▶ [Dataset]:

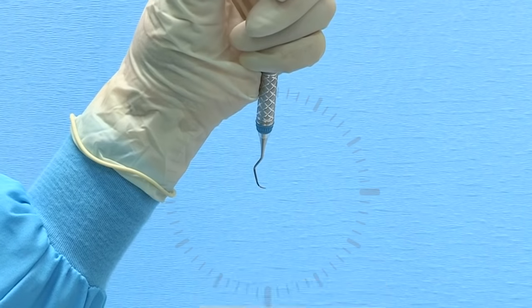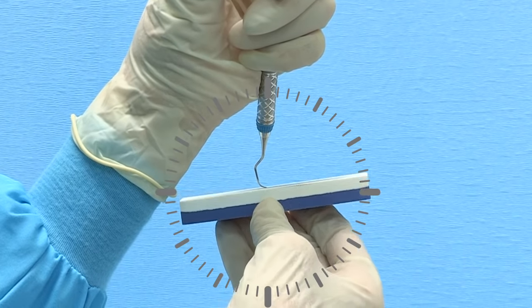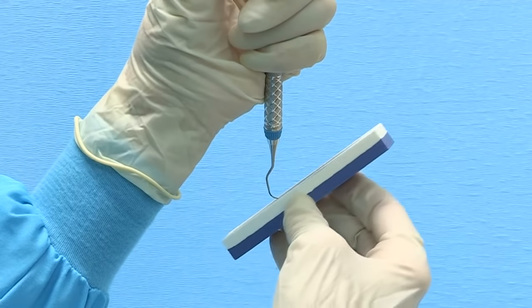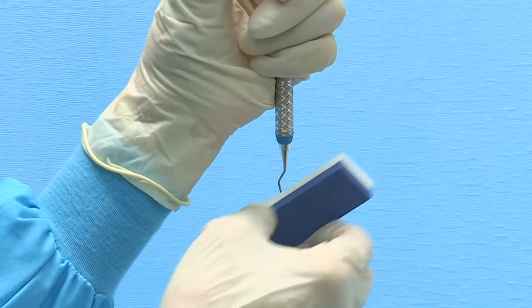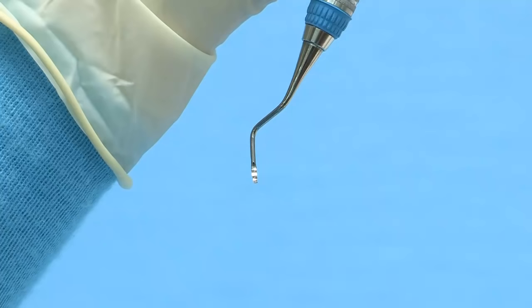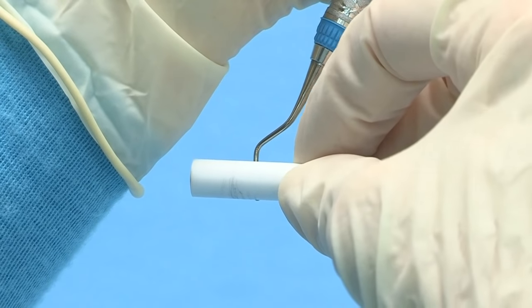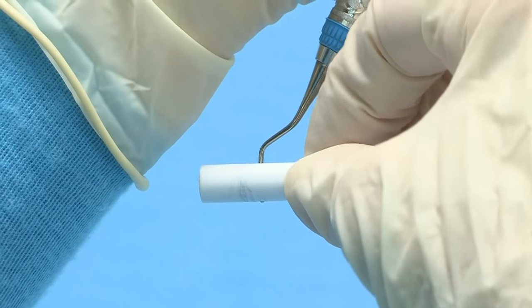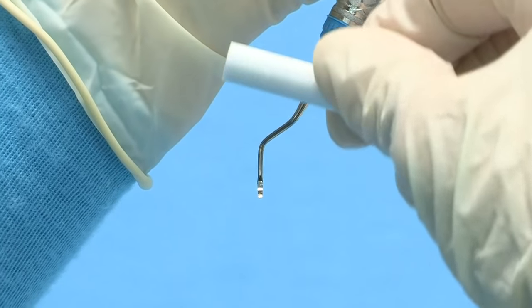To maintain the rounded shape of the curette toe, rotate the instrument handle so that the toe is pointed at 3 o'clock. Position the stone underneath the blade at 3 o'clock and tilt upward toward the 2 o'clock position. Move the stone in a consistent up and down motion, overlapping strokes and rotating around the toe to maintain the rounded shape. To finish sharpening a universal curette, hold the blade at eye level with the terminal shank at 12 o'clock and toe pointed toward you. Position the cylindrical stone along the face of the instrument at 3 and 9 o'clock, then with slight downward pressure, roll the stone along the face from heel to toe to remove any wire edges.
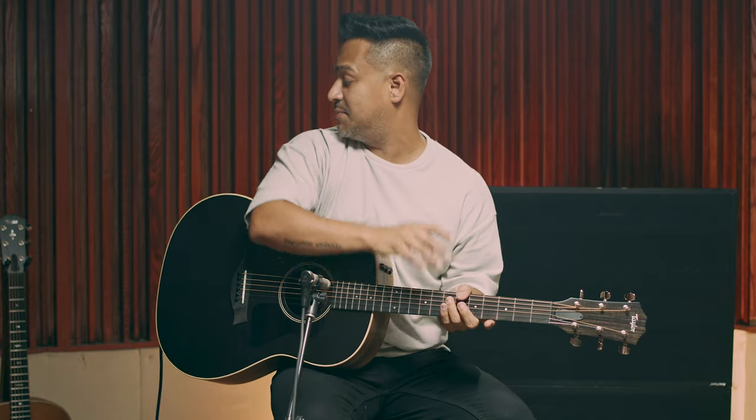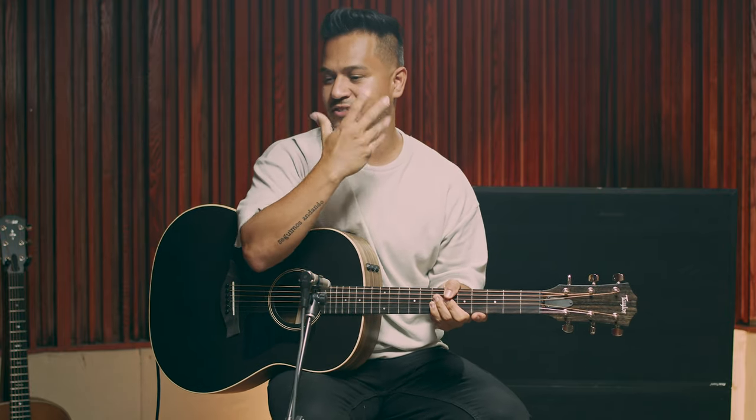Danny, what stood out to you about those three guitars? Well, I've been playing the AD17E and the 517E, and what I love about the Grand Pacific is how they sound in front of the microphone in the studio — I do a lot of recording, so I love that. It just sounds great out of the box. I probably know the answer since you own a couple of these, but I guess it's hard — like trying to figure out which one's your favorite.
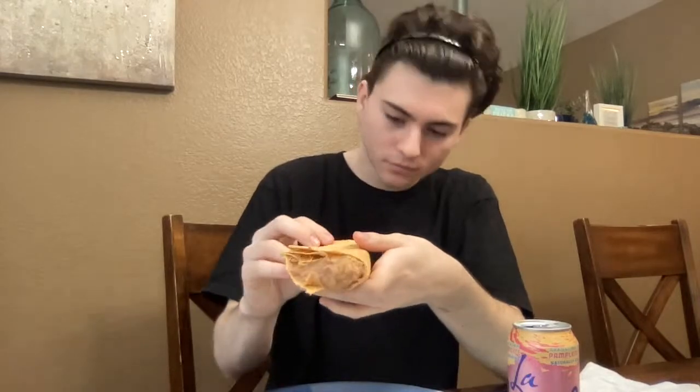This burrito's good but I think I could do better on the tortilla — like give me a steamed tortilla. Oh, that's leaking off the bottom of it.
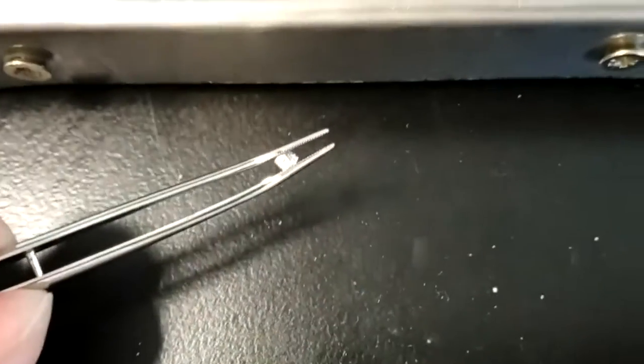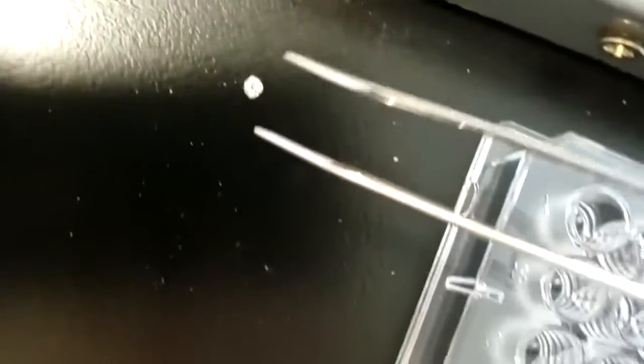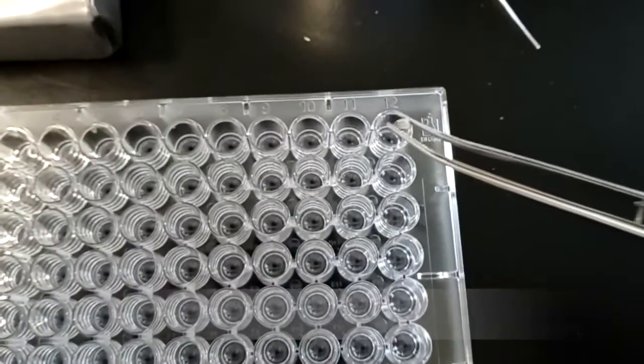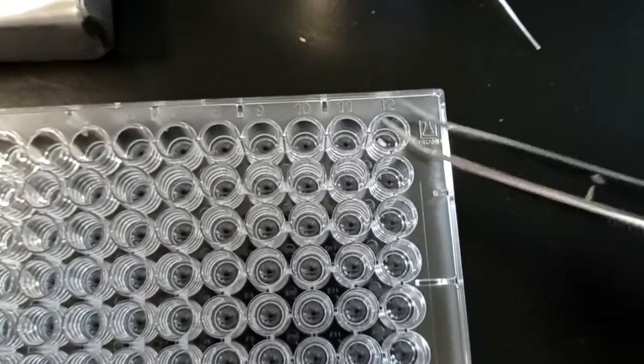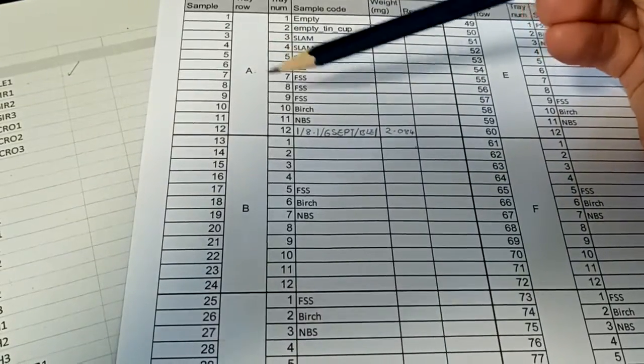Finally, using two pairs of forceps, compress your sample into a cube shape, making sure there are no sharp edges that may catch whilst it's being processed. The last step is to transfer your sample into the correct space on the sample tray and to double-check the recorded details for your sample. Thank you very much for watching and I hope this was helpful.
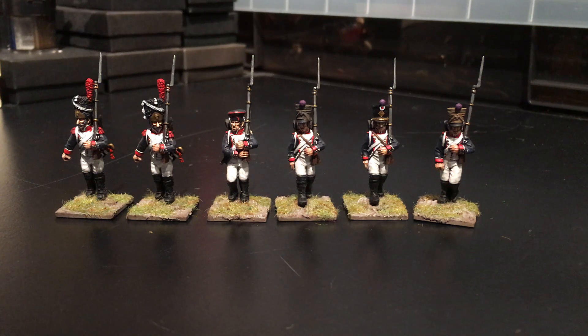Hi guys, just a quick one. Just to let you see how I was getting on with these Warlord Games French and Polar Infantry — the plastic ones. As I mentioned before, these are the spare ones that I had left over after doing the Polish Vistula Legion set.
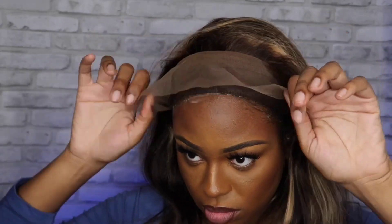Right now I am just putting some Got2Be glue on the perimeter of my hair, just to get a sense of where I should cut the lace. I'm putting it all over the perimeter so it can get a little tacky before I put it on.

* * *

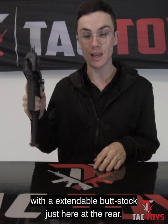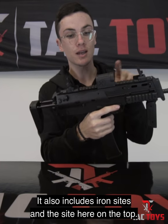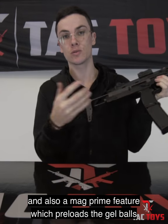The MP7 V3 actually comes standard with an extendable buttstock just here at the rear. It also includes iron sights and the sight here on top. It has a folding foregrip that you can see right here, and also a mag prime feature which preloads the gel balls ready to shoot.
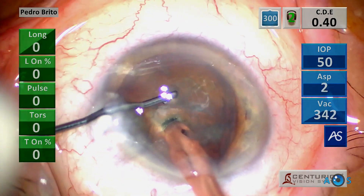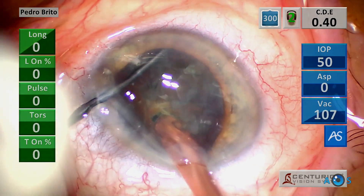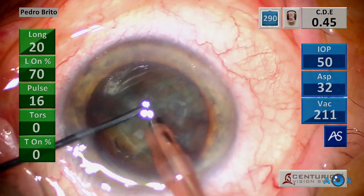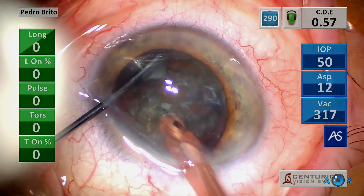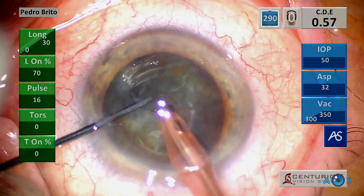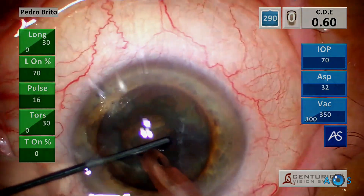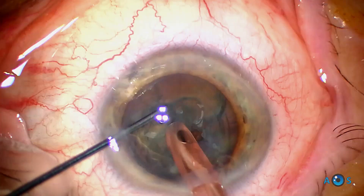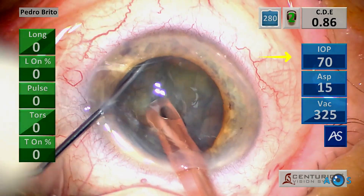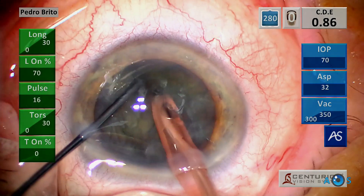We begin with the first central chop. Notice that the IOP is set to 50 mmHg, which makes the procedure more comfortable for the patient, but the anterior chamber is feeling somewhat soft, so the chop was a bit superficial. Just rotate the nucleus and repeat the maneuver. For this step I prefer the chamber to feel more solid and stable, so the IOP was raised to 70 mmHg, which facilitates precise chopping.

▶ [Work order]: Starting at the line above that contains "The MP7 V3 actually", transcribe every line exactly through the line that contains "We begin with", including that last one, and skip the pictures.

▶ [Output]:
The MP7 V3 actually comes standard with an extendable buttstock just here at the rear. It also includes iron sights and the sight here on top. It has a folding foregrip that you can see right here, and also a mag prime feature which preloads the gel balls ready to shoot.
We begin with the first central chop. Notice that the IOP is set to 50 mmHg, which makes the procedure more comfortable for the patient, but the anterior chamber is feeling somewhat soft, so the chop was a bit superficial. Just rotate the nucleus and repeat the maneuver. For this step I prefer the chamber to feel more solid and stable, so the IOP was raised to 70 mmHg, which facilitates precise chopping.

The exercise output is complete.